Viewed in light of all of this, the seemingly interminable Young Don Draper flashbacks of this season take on a new light. Yes, we’ve always known that Don has mother issues, that he longs for some approximation of mother’s love that he seems unable to find anywhere but in Peggy (who let him rest in her lap and stroked his hair at his most vulnerable moment). At one time, he might have found that in Anna, but he saw her so little, and then she died. He’s been adrift since then, even if he doesn’t realize it. (When, after all, did he most become attracted to Megan? When she treated his children like a kind and loving mother might treat a child who’d accidentally spilled something.) In Freud’s theory, the man will keep forming more and more attachments with women, having more and more sex, trying to attain the unattainable, to fill the gap in his soul that was left by the fact that he can’t get back to the woman who bore him. (As Tony Soprano would say on the show that has so many ties to this one, your mother’s the bus driver, and you just keep trying to get back on the bus.)

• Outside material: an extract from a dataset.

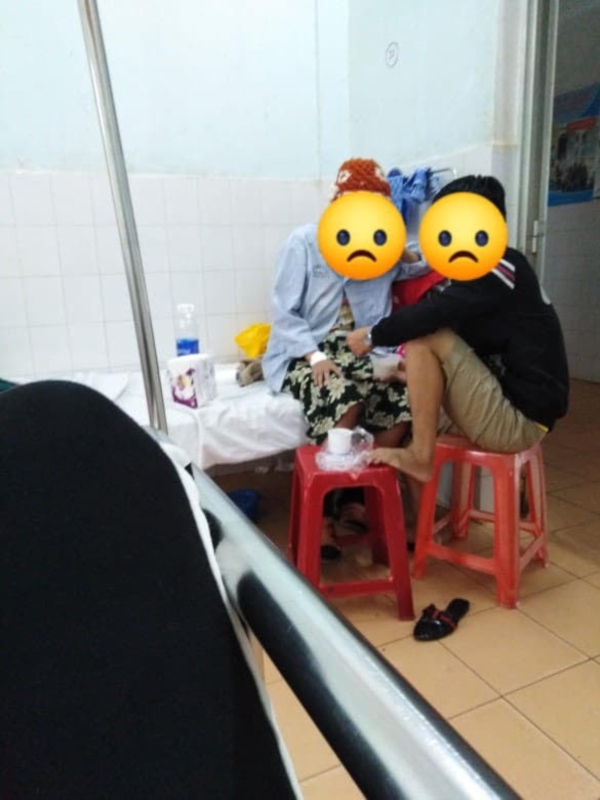 Anh chồng chăm vợ đẻ trong viện khiến bao người cảm động.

In that light, almost every relationship this season offers a perspective on Don’s increased sense of loss, the nostalgia he has for a world that never was that he keeps trying to create in his ads. Remember when he dug out that ad with the mother making soup back in “The Crash”? He’s twisted all of these emotions around, and he’s pushed so many of them onto the one woman who really shouldn’t have any of them pinned onto her: Peggy. He’s lost his daughter, and he’s pushed away his wife, and he’s increasingly seemed to be checked out at work. And when was the last time we got a scene of Don making a great pitch or just having a good time with his work pals, the Don Draper of old? That act isn’t working anymore. He’s a fallible titan, his entire lower half made of clay that his underlings keep chipping away at, and he’s not as safe as he thinks. When Don pushes back against Ted in a particularly snotty and pointless way, he’s not pushing back because he thinks Ted has taken his place in Peggy’s affections romantically or in the workplace or even as a father figure. No, he’s pushing back because he longs to get back to that closeness and keeps getting rejected by reality. Don isn’t fighting with Ted because of petty masculine bullshit; he’s fighting with Ted because of sibling rivalry.

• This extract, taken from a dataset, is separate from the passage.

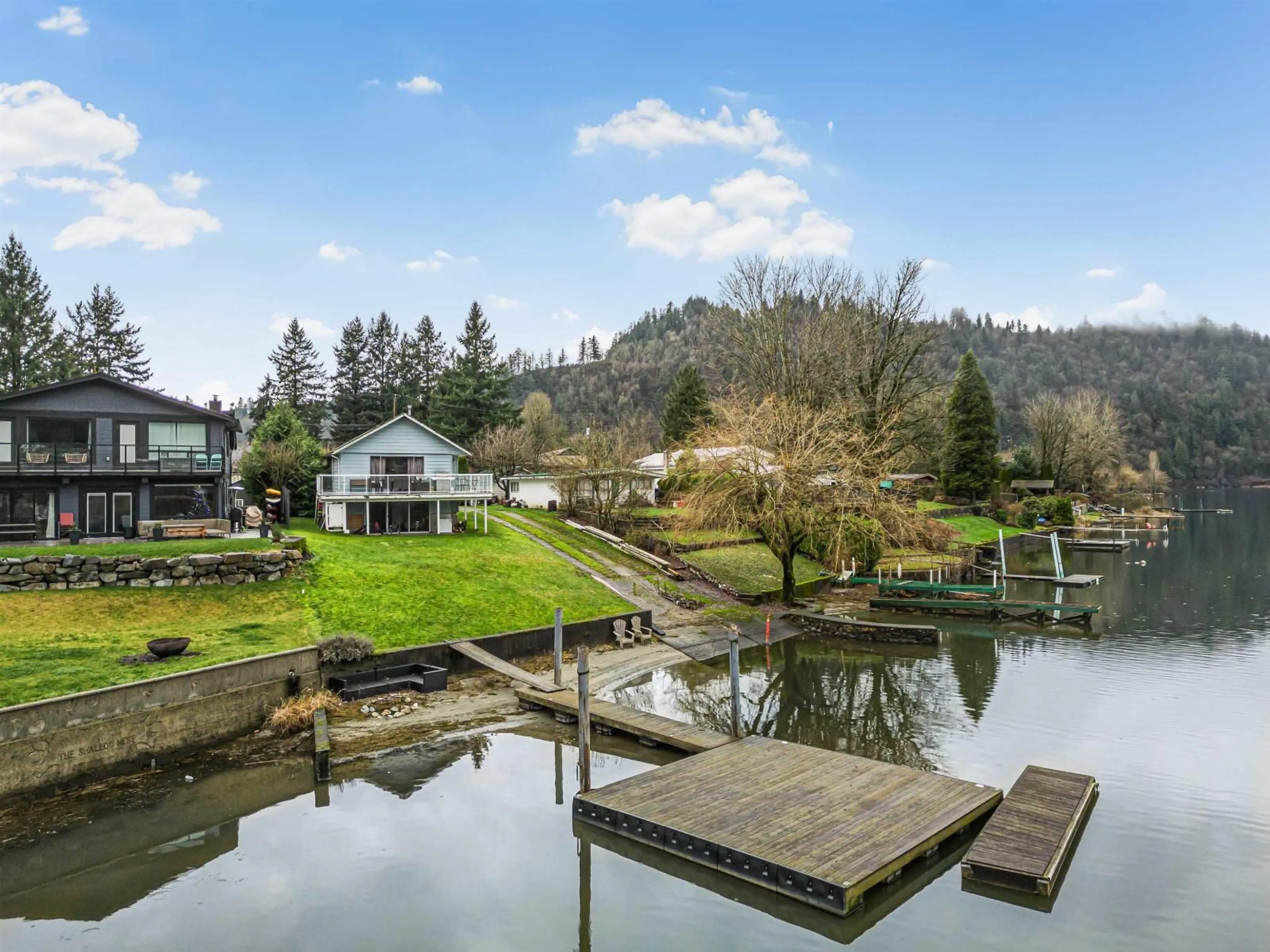 A pic from outside/outdoor area/front of a property/back of a property/a pic from drone, water/lake/river/ocean view for 35551 SWAN ROAD, Mission British Columbia V2V7M2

- What a glorious and fun episode this was! All of the plotlines added up to something, and the tapestry of the show was unexpectedly rich. Even Glen (who seems to turn up more and more often just to deliver subtext in a monotone) ended up being a surprising amount of fun.

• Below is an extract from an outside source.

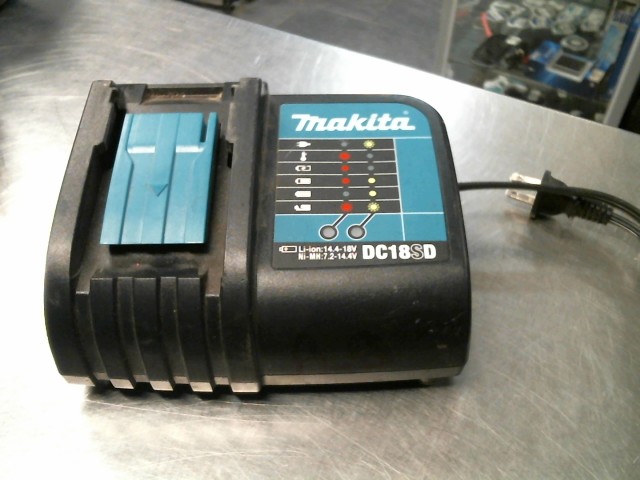 Chargeur makita a.b.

- I’m enjoying the continued teasing out of the truth about Bob Benson, and I’m glad it’s nowhere near as dramatic as the Internet wanted it to be. (Though just you wait until he comes to the office wearing a Pete Campbell suit next episode!)
- Great moments in leaving things hanging: Ken goes out hunting with the Chevy executives. The execs pull and turn when two birds burst up, and then one of them shoots right at Ken. Ken plummets to the ground. Now, he didn’t die—instead, he got buckshot all over his face and apparently at least some in his eye—but he was rattled enough to push the Chevy account off on Pete.
- I really enjoyed the three scenes with Sally and Betty, which just reaffirmed for me how few great mother/teenage daughter relationships there are on TV right now. The two push each other’s buttons, yes, but they also have a real, honest connection, and I love watching them snipe at each other, then come to an understanding. (Betty’s “You’re polite with everyone but me” was great.)
- Also: Sally’s going to boarding school, just in time for the final season! I always like seeing flashes of both her parents in Sally, and her ability to procure cigarettes seemingly with the snap of her fingers was vintage Don Draper.
- Harry Crane is still out in California, and he’s landed the Sunkist account to the tune of $8 million! Everything’s coming up Harry! (Except he still won’t be made partner, because boo!)